WHAT TO DO: Output all the records word for word. Drop the pictures.

(Saved entries)
^^^^^^^^

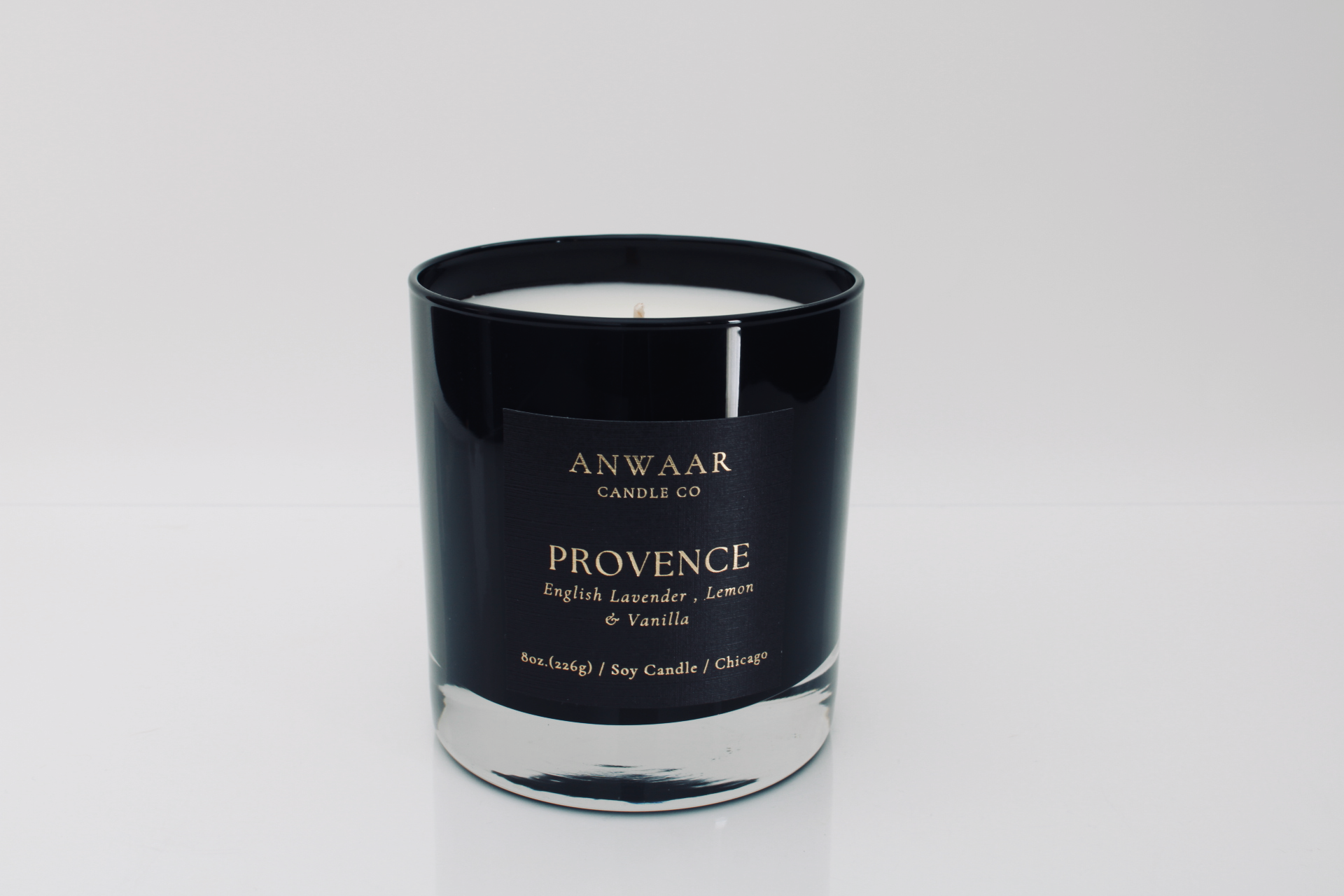 Provence - black elegant candle vessel with black label and gold letters with details about the product 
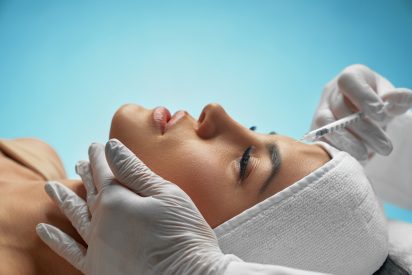 Cosmetic botox injection in female forehead.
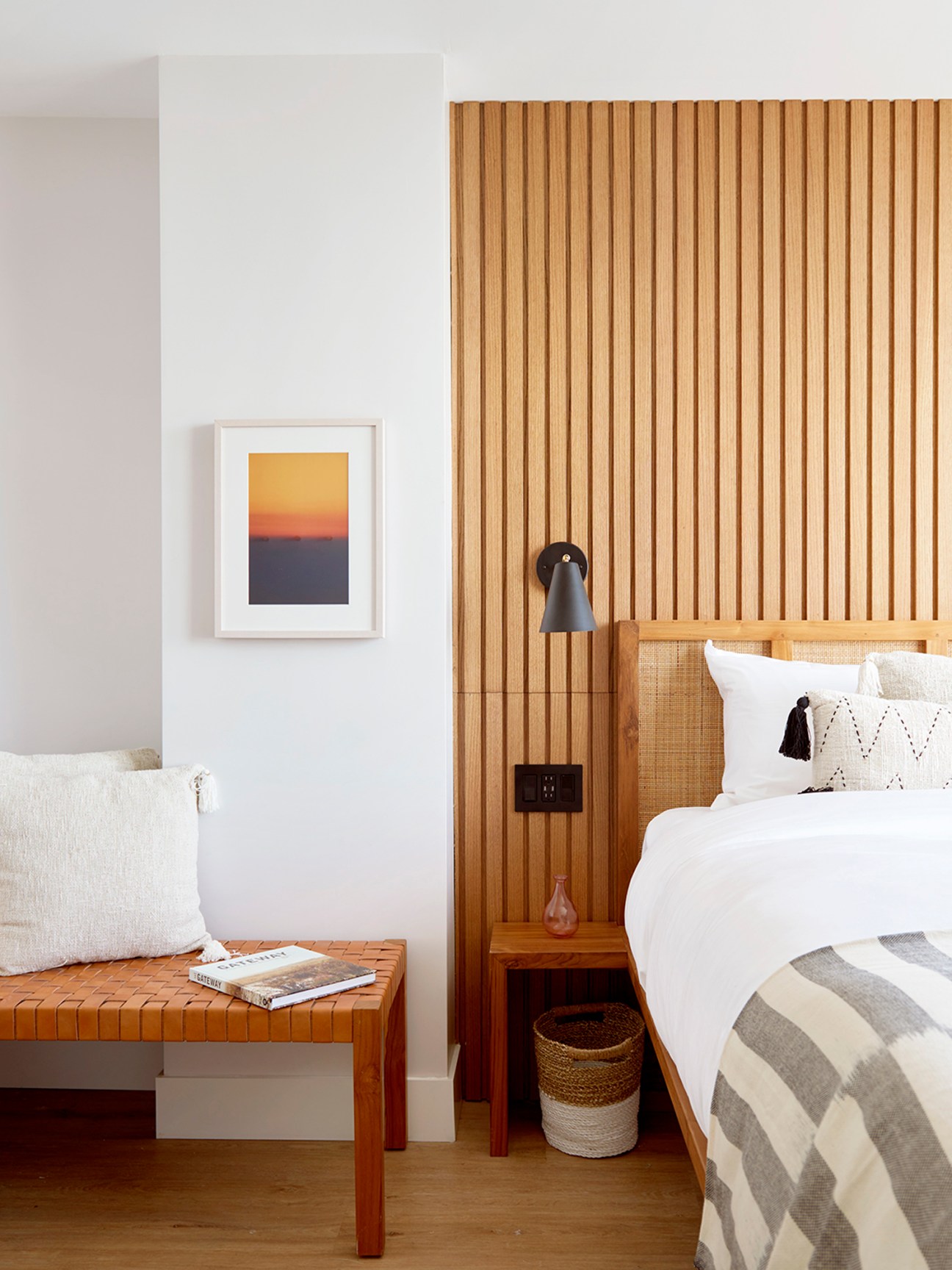Rockaway Hotel guest room with wooden bed frame, white bedding, woven bench, and framed sunset artwork.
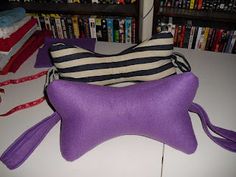 a purple pillow sitting on top of a table next to a book shelf filled with books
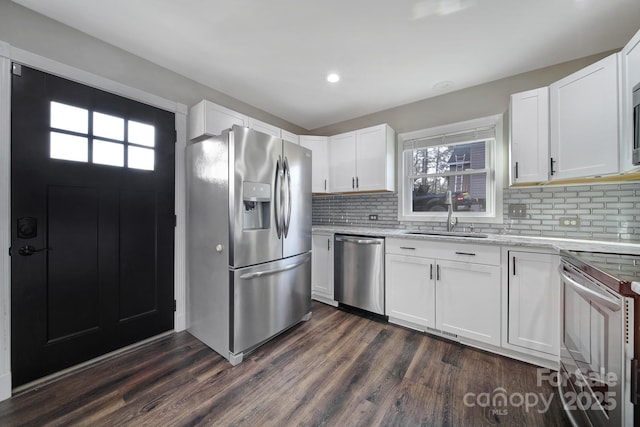 kitchen with stainless steel appliances, a sink, dark wood finished floors, and white cabinetry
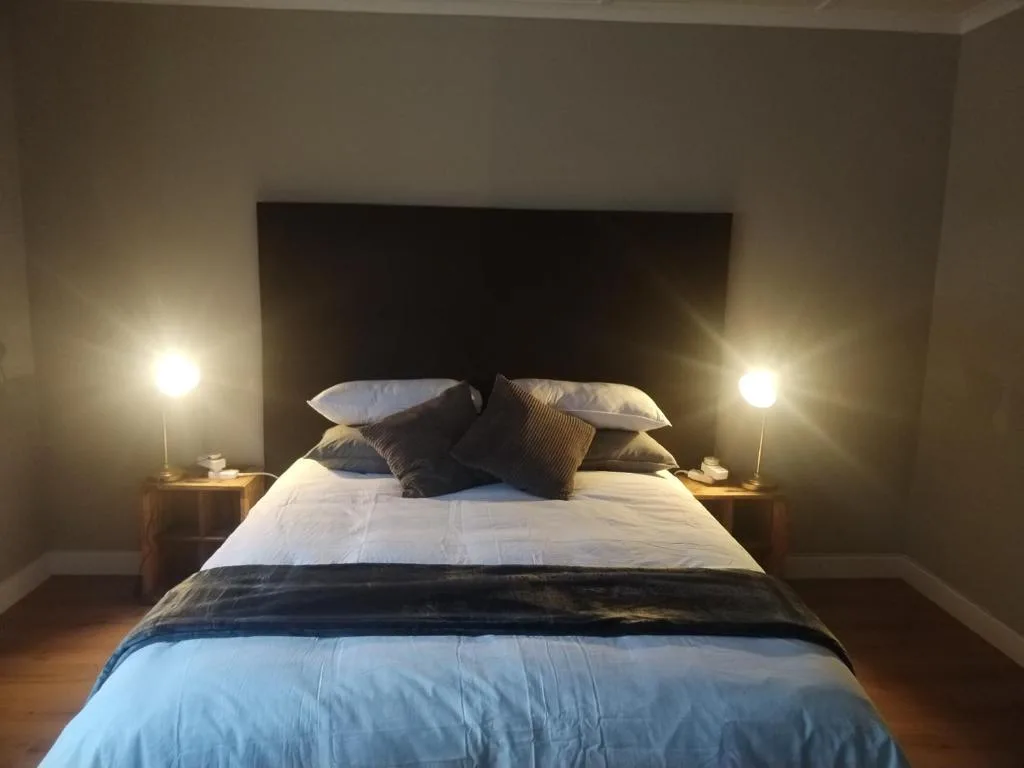 Modern bedroom with queen bed, white linens, blue throw, and bedside lamps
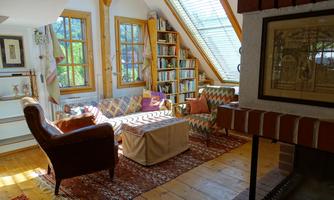 A cozy room with wooden floors and large windows. There is a sofa, bookshelves, and a fireplace that create an inviting atmosphere.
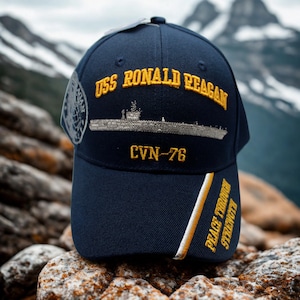 May include: Navy blue baseball cap with gold embroidered text "USS RONALD REAGAN" and a ship illustration. The cap also features "CVN-76" and "PEACE THROUGH STRENGTH" in gold. A patch is visible on the side.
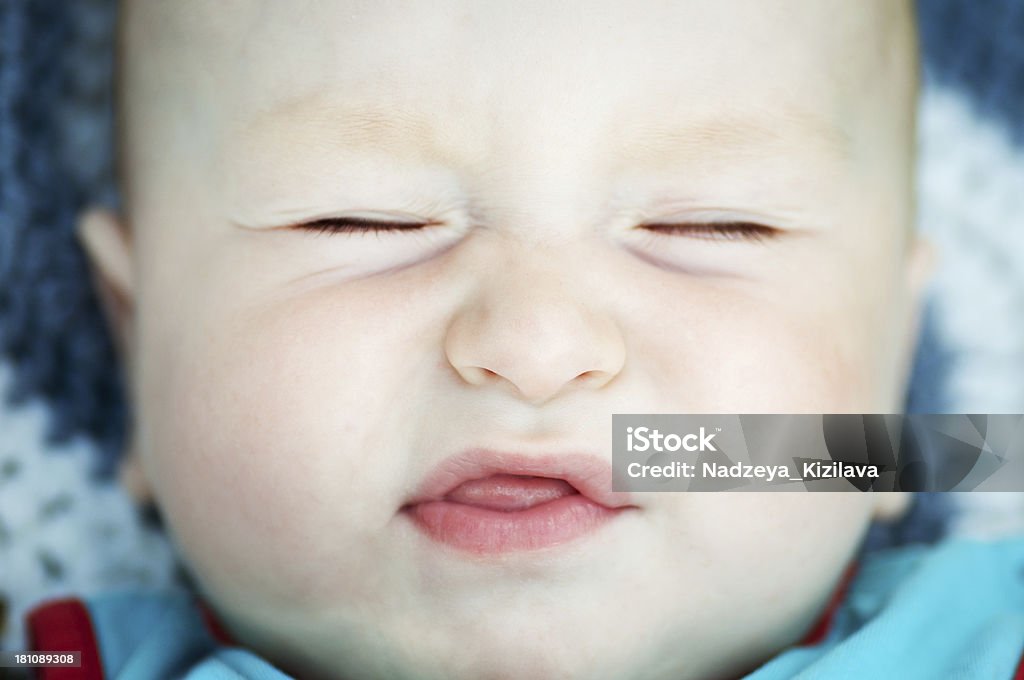 Funny face Close-up of a funny displeased baby face 6-11 Months Stock Photo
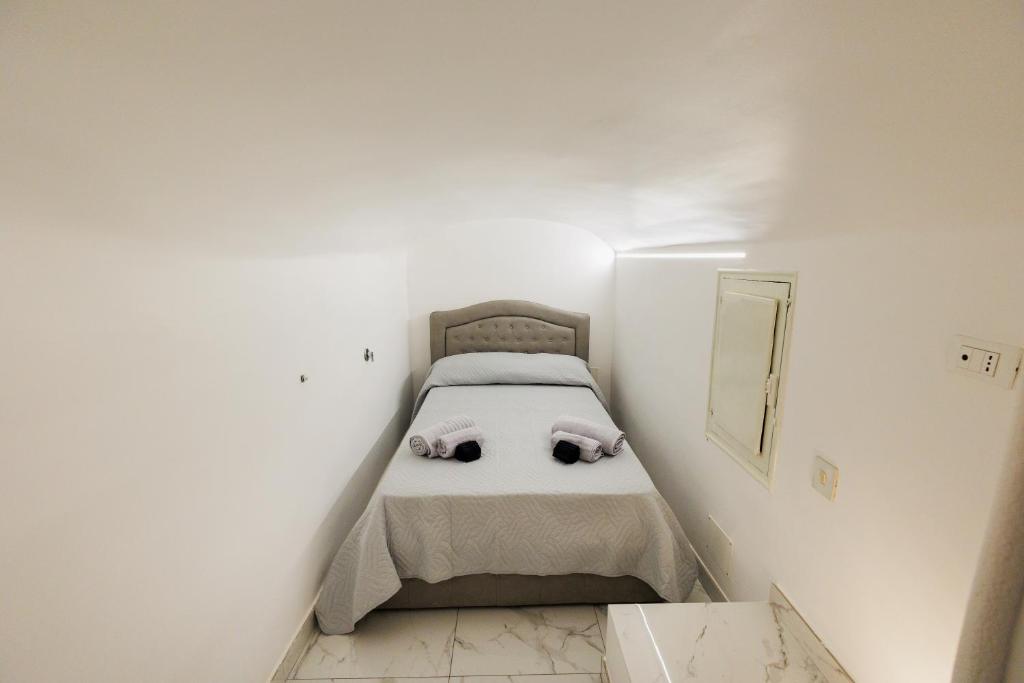 A bed or beds in a room at Scudaniglio Home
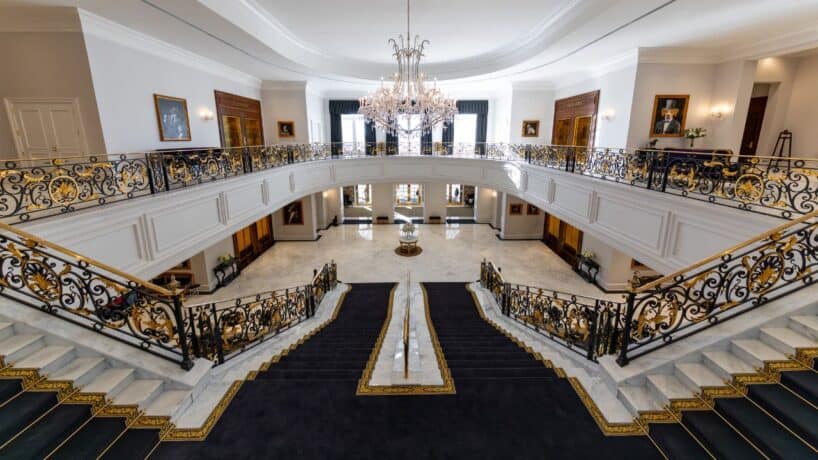 Grand staircase with ornate railings, black and gold carpet, marble floors, and a large chandelier in an elegant lobby with framed artwork and windows.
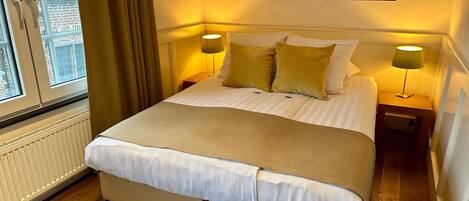 A neatly made bed with white linens and a beige throw blanket, flanked by two bedside tables with lamps, in a room with wooden flooring and a window with curtains.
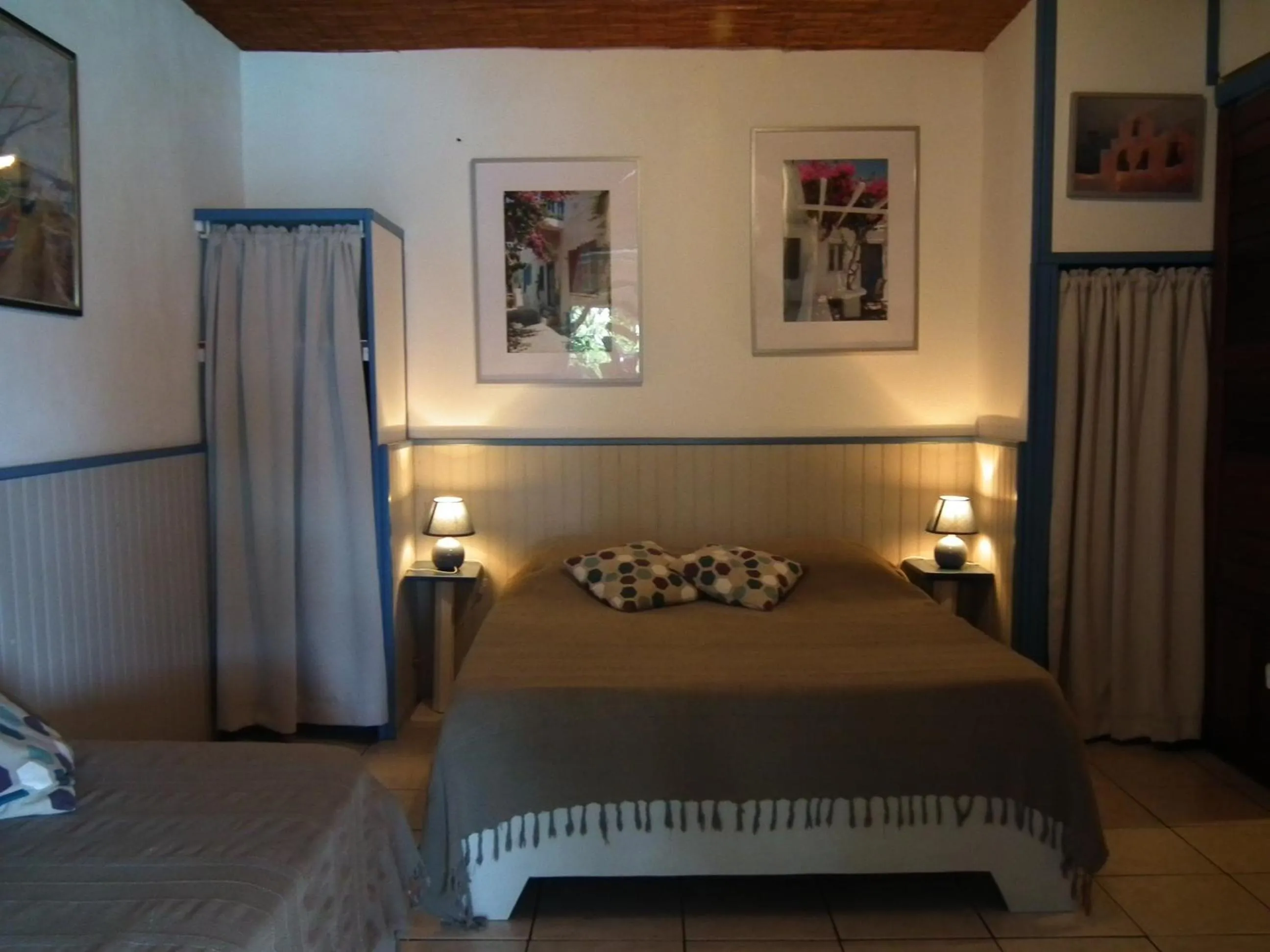 Bed in Le Cardinal des Grands Bleus
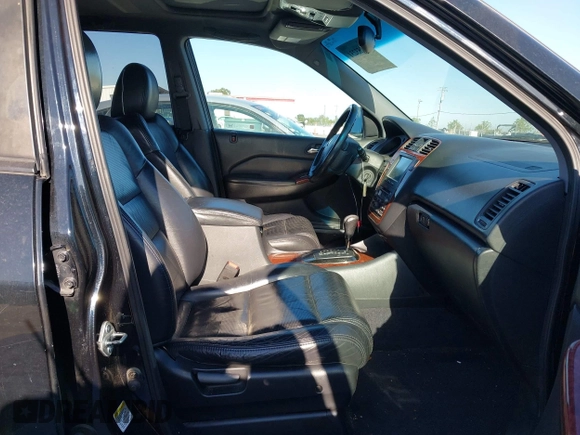 2004 Acura MDX with VIN 2HNYD18294H538551, listed as a IAAI auction lot 42153231 with 217,462 mi miles. Bid and sale history available at carsss.com. Image 5.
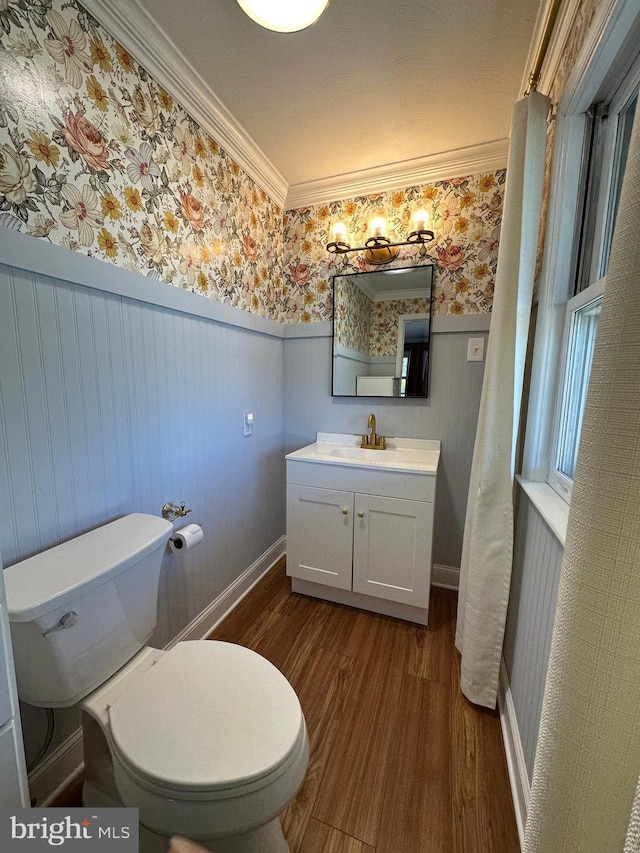 bathroom with crown molding, wood finished floors, toilet, wallpapered walls, and a wainscoted wall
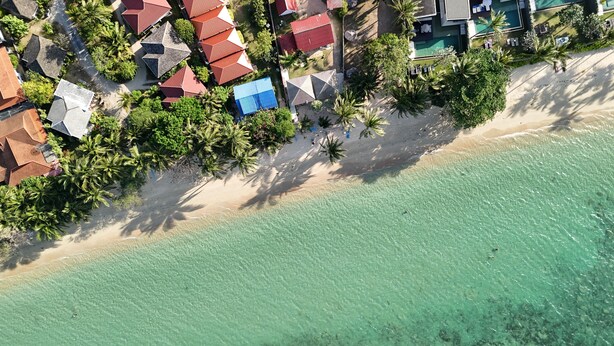 An aerial view of a coastal area with a beach, clear turquoise water, and a row of buildings with red roofs. - Ocean Peek Villa-Bang Po  (Chang Wat Surat Thani)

^^^^^^^^

WRITTEN RESPONSE:
 Provence - black elegant candle vessel with black label and gold letters with details about the product 
 Cosmetic botox injection in female forehead.
Rockaway Hotel guest room with wooden bed frame, white bedding, woven bench, and framed sunset artwork.
 a purple pillow sitting on top of a table next to a book shelf filled with books
 kitchen with stainless steel appliances, a sink, dark wood finished floors, and white cabinetry
 Modern bedroom with queen bed, white linens, blue throw, and bedside lamps
 A cozy room with wooden floors and large windows. There is a sofa, bookshelves, and a fireplace that create an inviting atmosphere.
 May include: Navy blue baseball cap with gold embroidered text "USS RONALD REAGAN" and a ship illustration. The cap also features "CVN-76" and "PEACE THROUGH STRENGTH" in gold. A patch is visible on the side.
 Funny face Close-up of a funny displeased baby face 6-11 Months Stock Photo
 A bed or beds in a room at Scudaniglio Home
 Grand staircase with ornate railings, black and gold carpet, marble floors, and a large chandelier in an elegant lobby with framed artwork and windows.
 A neatly made bed with white linens and a beige throw blanket, flanked by two bedside tables with lamps, in a room with wooden flooring and a window with curtains.
 Bed in Le Cardinal des Grands Bleus
 2004 Acura MDX with VIN 2HNYD18294H538551, listed as a IAAI auction lot 42153231 with 217,462 mi miles. Bid and sale history available at carsss.com. Image 5.
 bathroom with crown molding, wood finished floors, toilet, wallpapered walls, and a wainscoted wall
 An aerial view of a coastal area with a beach, clear turquoise water, and a row of buildings with red roofs. - Ocean Peek Villa-Bang Po  (Chang Wat Surat Thani)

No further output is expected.